Information supplied>
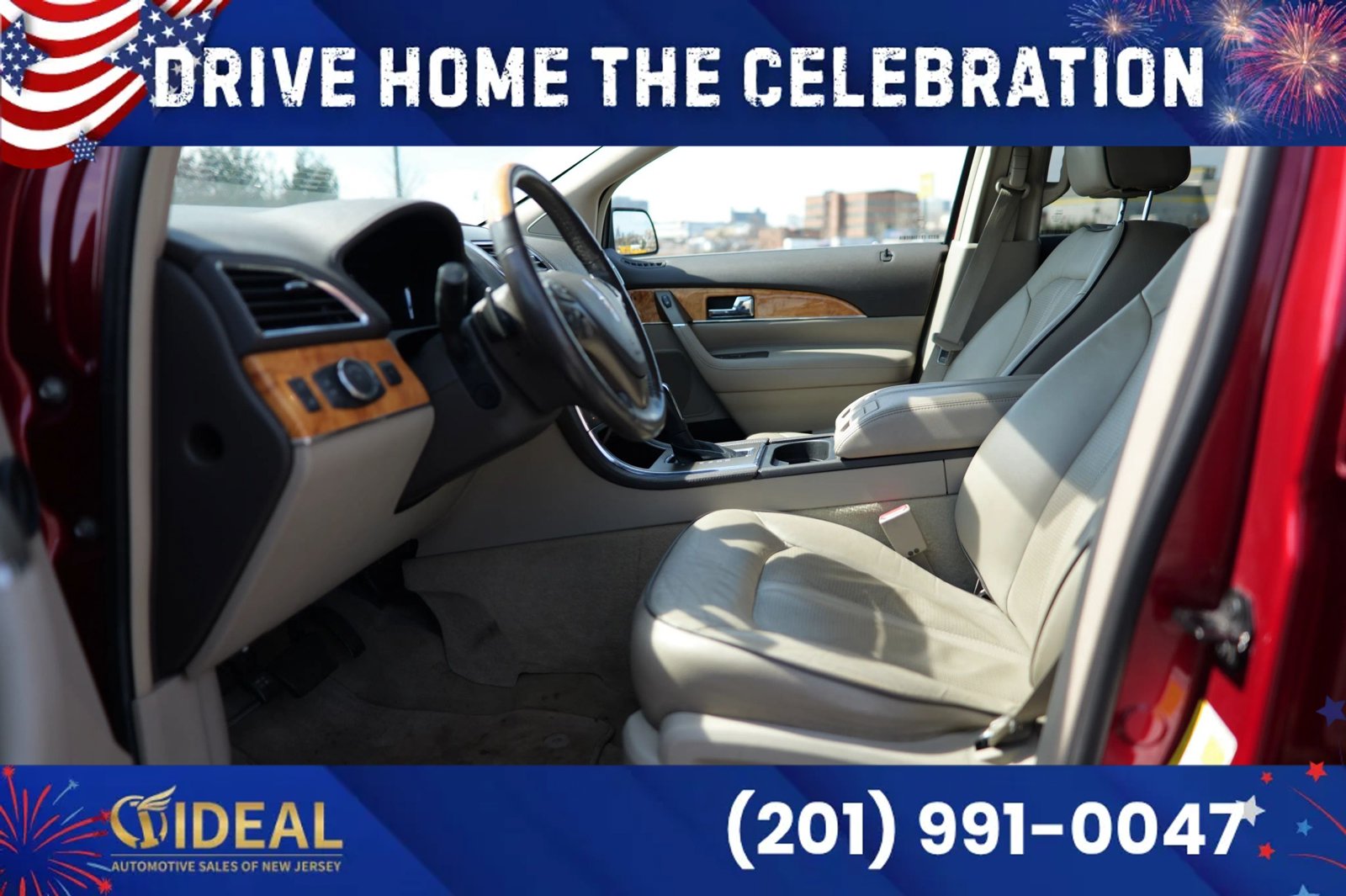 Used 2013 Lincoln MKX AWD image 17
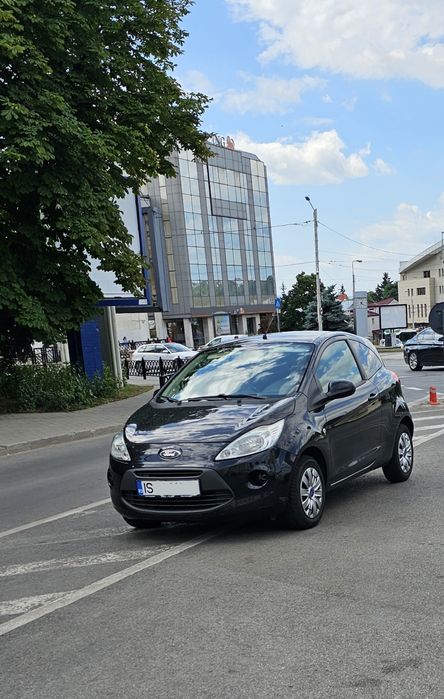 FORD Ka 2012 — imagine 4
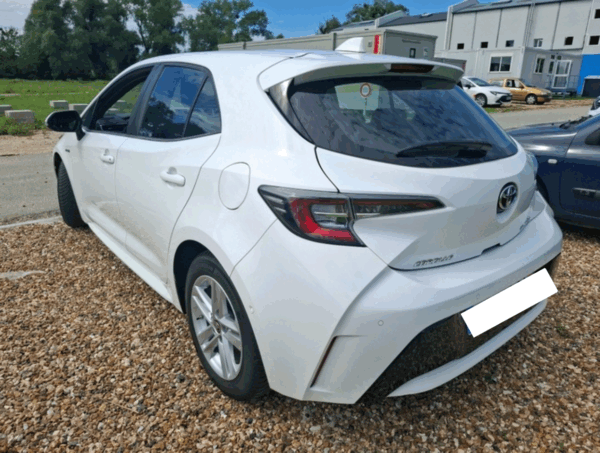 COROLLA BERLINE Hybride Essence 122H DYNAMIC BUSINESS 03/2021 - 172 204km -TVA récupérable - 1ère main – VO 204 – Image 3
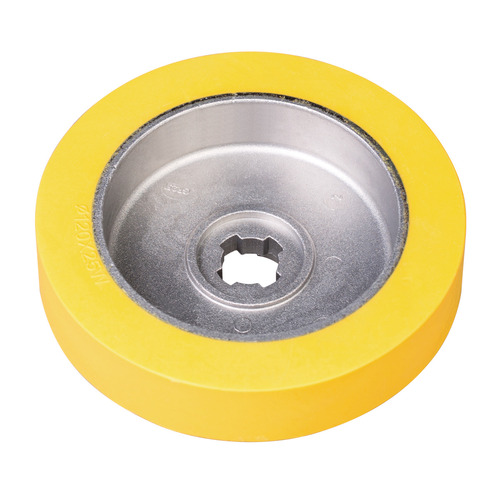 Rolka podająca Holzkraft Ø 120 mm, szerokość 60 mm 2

Exercise aim>
Beginning with the line that holds "COROLLA BERLINE Hybride", extract every line to the end of the material, exactly as it stands, and drop the pictures.

Exercise solution>
 COROLLA BERLINE Hybride Essence 122H DYNAMIC BUSINESS 03/2021 - 172 204km -TVA récupérable - 1ère main – VO 204 – Image 3
 Rolka podająca Holzkraft Ø 120 mm, szerokość 60 mm 2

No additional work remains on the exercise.